Das gilt vor allem als neuer Erfolg für die ukrainische Armee und Präsident Wolodymyr Selenskyj. Schon seit Monaten kann dieser – auch dank westlicher Waffen, Munition und Finanzen – immer wieder Fortschritte bei der Befreiung von Gebieten melden. Er will selbst beim G20Gipfel eine Rede halten.
Schon seit Wochen bereiten der neue Kommandeur der russischen Truppen in der Ukraine, Sergej Surowikin, und der Machtapparat in Moskau die Menschen in dem Riesenreich auf „schwere Entscheidungen“um Cherson vor.
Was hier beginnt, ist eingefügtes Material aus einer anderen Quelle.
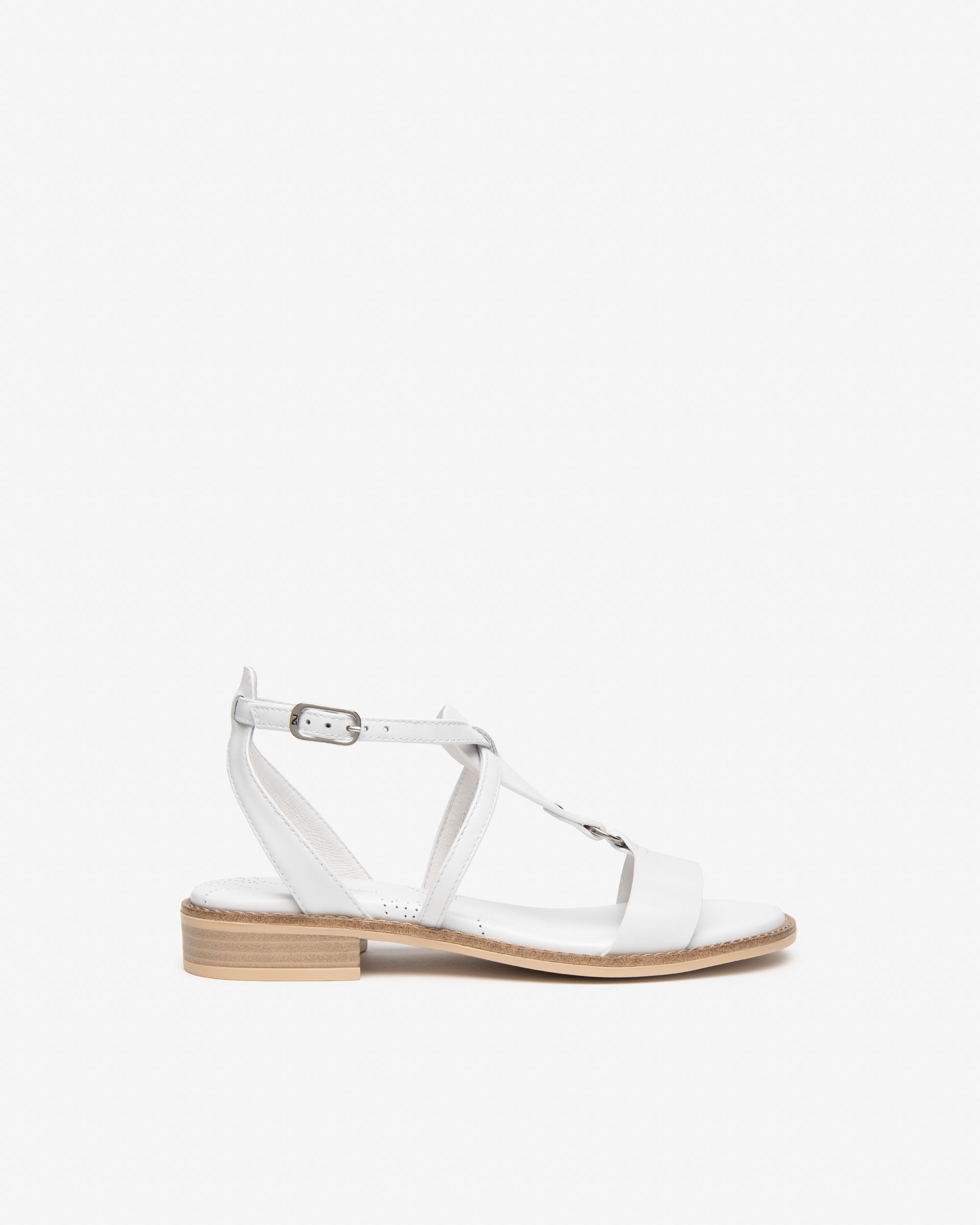 Sandalias de Piel Made in Italy — Ref. 707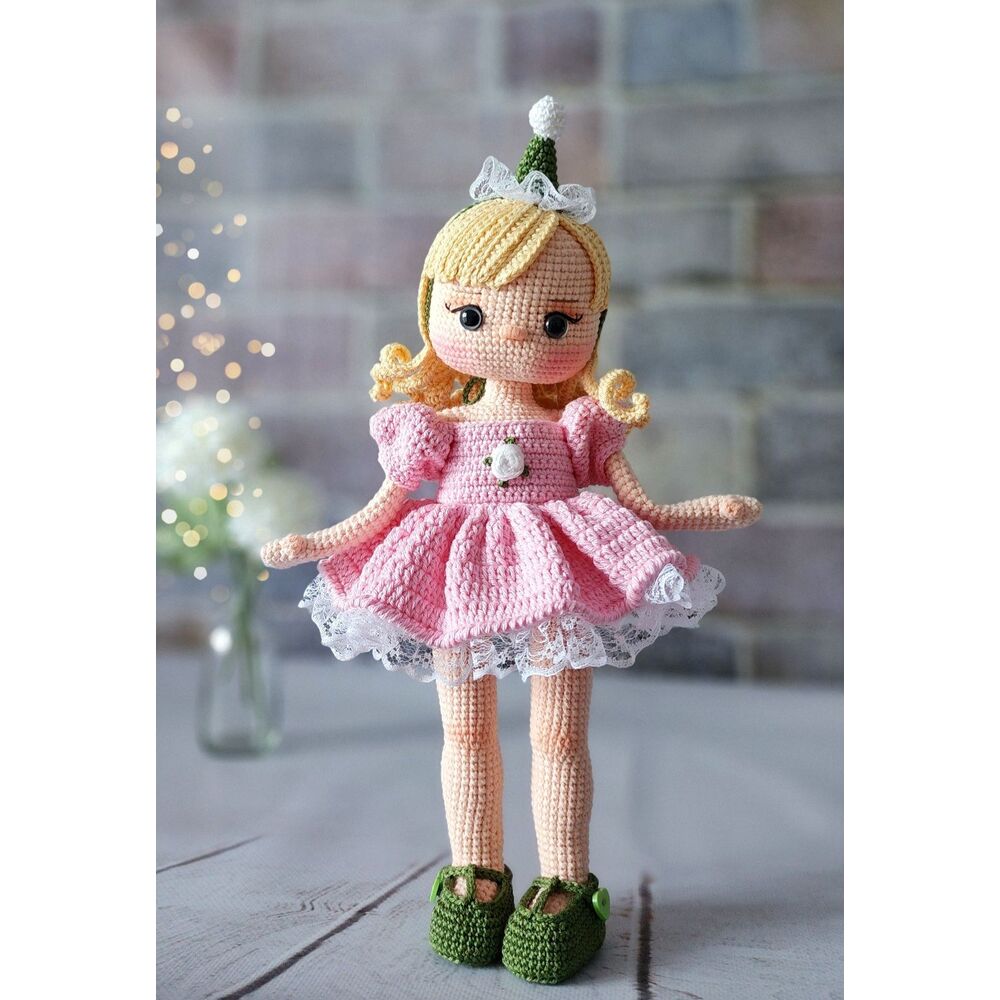Sofya Doll Türkçe Dijital Desen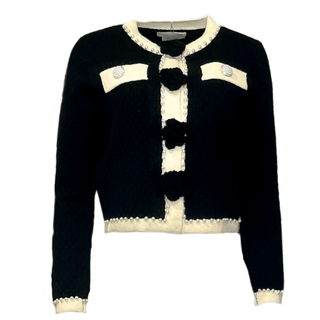 Danaelle Chanel Knit - Black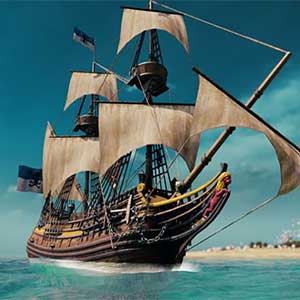 Tortuga A Pirate’s Tale - Piratenschiff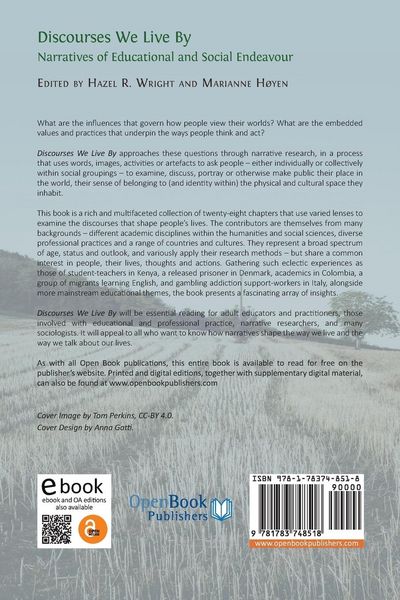 Produktbild: Discourses We Live By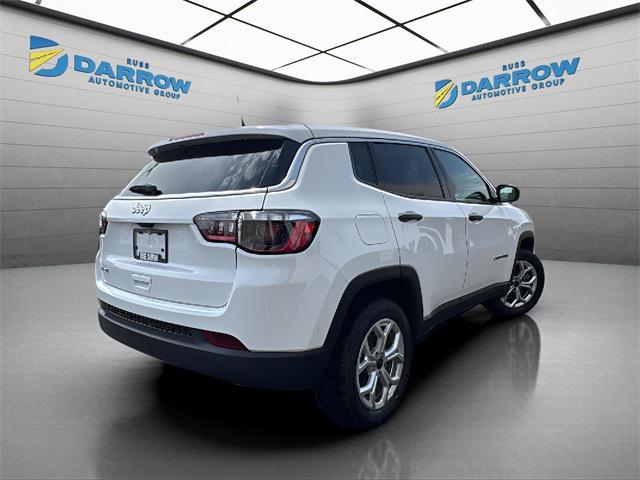 new 2025 Jeep Compass car, priced at $26,663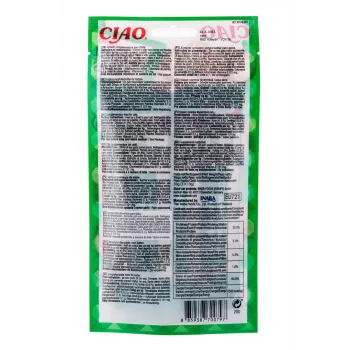 INABA Churu Bites atum com frango - Petiscos para gatos - 3x10 g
Zehntausende Menschen wurden nach russischen Angaben wegen absehbarer Kampfhandlungen in Sicherheit gebracht. Gleichwohl gilt diese neue militärische Schlappe als eine der größten politischen Niederlagen in Putins Kampf gegen die Ukraine.
Die ukrainische Führung reagierte zunächst skeptisch auf den angekündigten Abzug. Der Gouverneur des an Cherson angrenzenden Gebiets Mykolajiw, Witalij Kim, schrieb: „Wenn die Russen etwas sagen, dann machen sie das Gegenteil!“Die ukrainischen Behörden warnten die Menschen auch vor einer Rückkehr in die Stadt: Wegen des Winters, der Zerstörung von Kommunikationsleitungen und der Gefahr durch Beschuss sei eine Rückkehr nicht zu empfehlen, hieß es in Kiew. Auch nach einer Einnahme der Stadt Cherson würde die Ukraine nur 23 Prozent des gesamten Gebiets Cherson kontrollieren, und zwar auf jener Seite des Flusses Dnipro, auf der Russland zuletzt wegen der Zerstörung von Brücken seine Truppen nicht mehr mit Waffen, Munition und Lebensmitteln versorgen konnte.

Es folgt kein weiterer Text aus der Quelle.